C - strncpy segfaults when using pointer

Question

I've got the following piece of code:

#include<stdio.h>
#include <string.h>

int main(void) {
    char *src = "This is my string.";
    char *dest, *ret;
    //char dest[64], *ret;
    ret = strncpy(dest, src, 5);
    size_t s = strlen(ret);

    printf("src: %s\n", src);
    printf("dst: %s|\n", dest);
    printf("ret: %s|\n", ret);
    printf("len: %d\n", s);

    //for (int i = 0; i < 5; i++) {
    //    printf("i: %d\n", i);
    //}

    return 0;
}

for loop disabled

$ gcc -g -o test test.c; ./test 
src: This is my string.
dst: This |
ret: This |
len: 5

for loop enabled

$ gcc -g -o test test.c; ./test 
Segmentation fault (core dumped)

I wonder why this is failing only when the for loop is enabled.

Is this just an undefined behavior because I'm using a dangling pointer for the dest argument or there is another explanation for this?

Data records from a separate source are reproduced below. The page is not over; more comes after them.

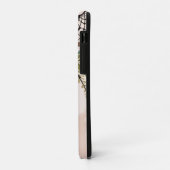 母パーソナライズされたの日のマグカップ – モーニカスタムー用の贈り物 Case-Mate iPhoneケース (裏面/左)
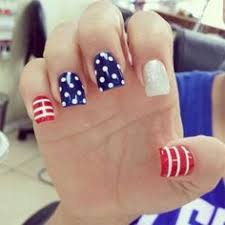 4th of july decor ideas for outdoors. 530 4th Of July Nail Art Ideas July Nails 4th Of July Nails Nail Art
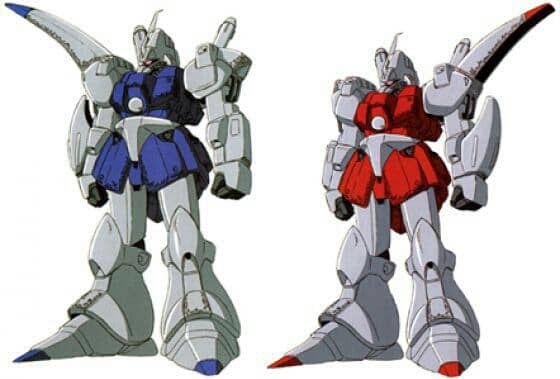 ガズアル ガズエルについて語ろう Hguc化記念 Gundam Log ガンダムまとめブログ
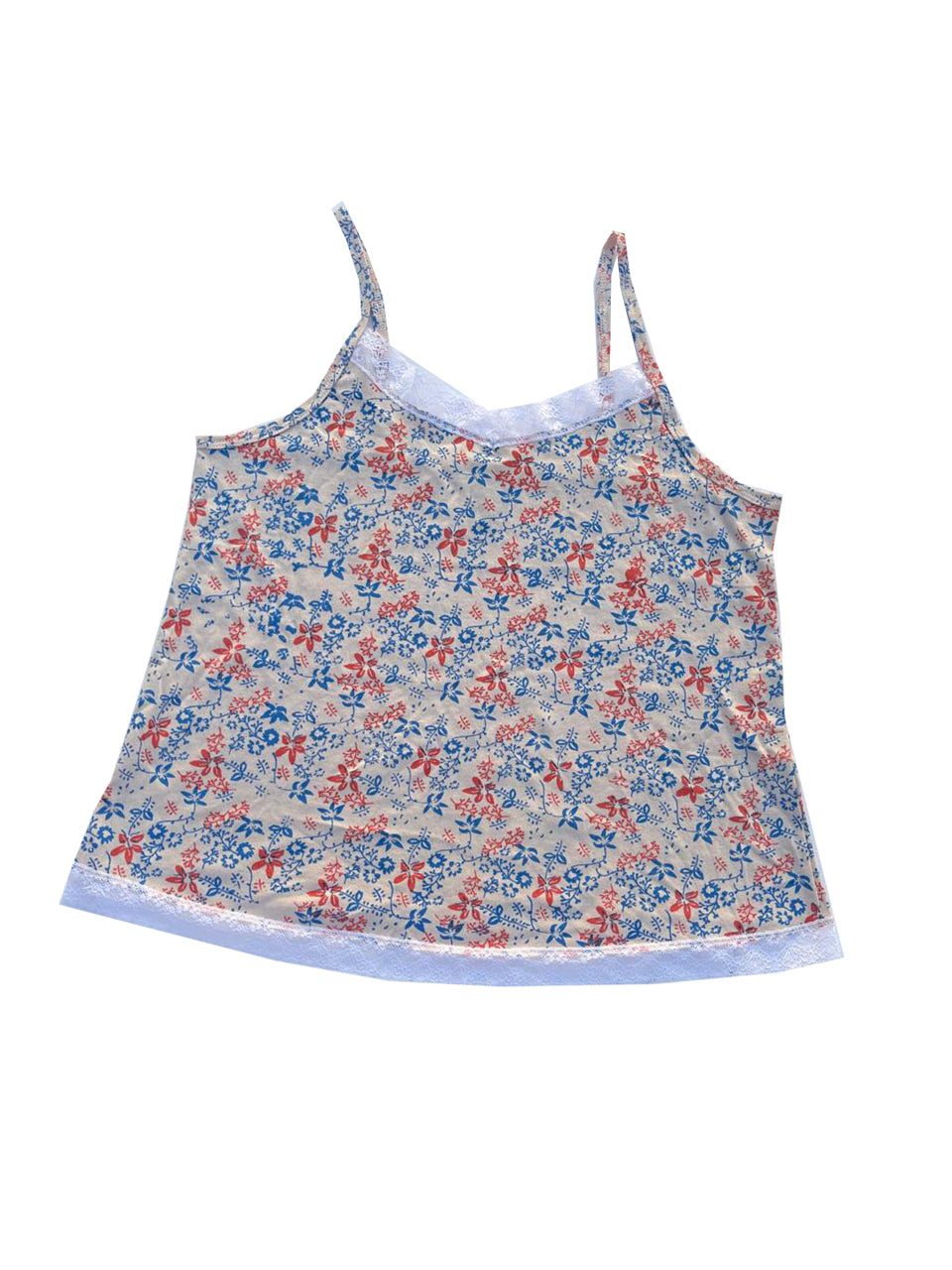 TPF Floral Cami & Shorts - Nightwear Set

By looking at the gdb session, it crashed when trying to assign a value from ecx to rdi register?

(gdb) bt
#0  0x00007ffff7f4a1a7 in __strncpy_avx2 () from /lib64/libc.so.6
#1  0x000000000040116e in main () at stack.c:8
(gdb) x/i 0x00007ffff7f4a1a7
=> 0x7ffff7f4a1a7 <__strncpy_avx2+1591>:    mov    DWORD PTR [rdi],ecx
(gdb) x/i $rdi
0x401060 <_start>:  endbr64
(gdb) p $rdi
$7 = 4198496
(gdb) p $ecx
$8 = 1936287828

This is undefined behaviour. You're using an uninitialized pointer. `strncpy` dereferences this pointer, which could have any value, and tries to write to that memory. You need to have a destination buffer, consisting of valid memory, and pass a pointer to that. — Thomas Jager, Aug 07 '19 at 14:20
@ThomasJager - thanks for the comment, any idea why this happens only when the `for` loop is enabled? — HTF, Aug 07 '19 at 14:24
For me even in the case when for loop is commented it is giving segmentation fault. — Yogesh Chuahan, Aug 07 '19 at 14:28
@HTF It's undefined behaviour. Anything can happen, or nothing bad might happen. You can't predict it. What you are doing is likely messing with other arbitrary variables. The scope of the effects of undefined behaviour is outside of just where you do the behaviour. As soon as you have any in your program, the entire program's behaviour is undefined, and you can no longer predict what will happen. — Thomas Jager, Aug 07 '19 at 14:28
Also note that *strncpy* isn't really a string function, in the sense that it doesn't necessarily produce a NUL-terminated C string in destination. A good rule of thumb is "never use *strncpy*", because 99% of the use cases, it doesn't do what you want. If you have that 1%, you would know. — hyde, Aug 07 '19 at 14:50
*Any idea why this happens only when the for loop is enabled?* This is basically like asking, "Yesterday, I drove my car through a red light, and nothing happened. Today I had the radio on, and when I drove through the red light, a truck crashed into me. Any idea why this happens only when I have the radio on?" — Steve Summit, Aug 07 '19 at 14:53
As per the comment by @VladfromMoscow, converting to this char dest[5], *ret; solved the problem for me. — Yogesh Chuahan, Aug 07 '19 at 15:05
The most probable reason is that `printf()` usually involves allocating memory (into which it builds the output string)... the more you interact with memory, the more likely you are to encounter the effects of undefined behaviour. — TripeHound, Aug 07 '19 at 15:19
@YogeshChuahan changing to `char dest[5], *ret;` still leads to undefined behaviour because you go on to use `strlen` on a non-null-terminated string — M.M, Aug 07 '19 at 22:38
Be very careful with `strncpy`, or preferably avoid it altogether. https://the-flat-trantor-society.blogspot.com/2012/03/no-strncpy-is-not-safer-strcpy.html — Keith Thompson, Aug 08 '19 at 00:15
Reopened: writing through an uninitialized pointer is a substantially different case to writing to a string literal — M.M, Aug 08 '19 at 01:33

nickelpro · Accepted Answer · 2019-08-08T00:10:51.773

The answer per the spec that you're going to hear from most people is something like this: The program crashes because you're invoking UB by writing to an uninitialized pointer. At this point, crashing is a valid behavior, so sometimes it crashes and sometimes it does something else which is also valid (because UB).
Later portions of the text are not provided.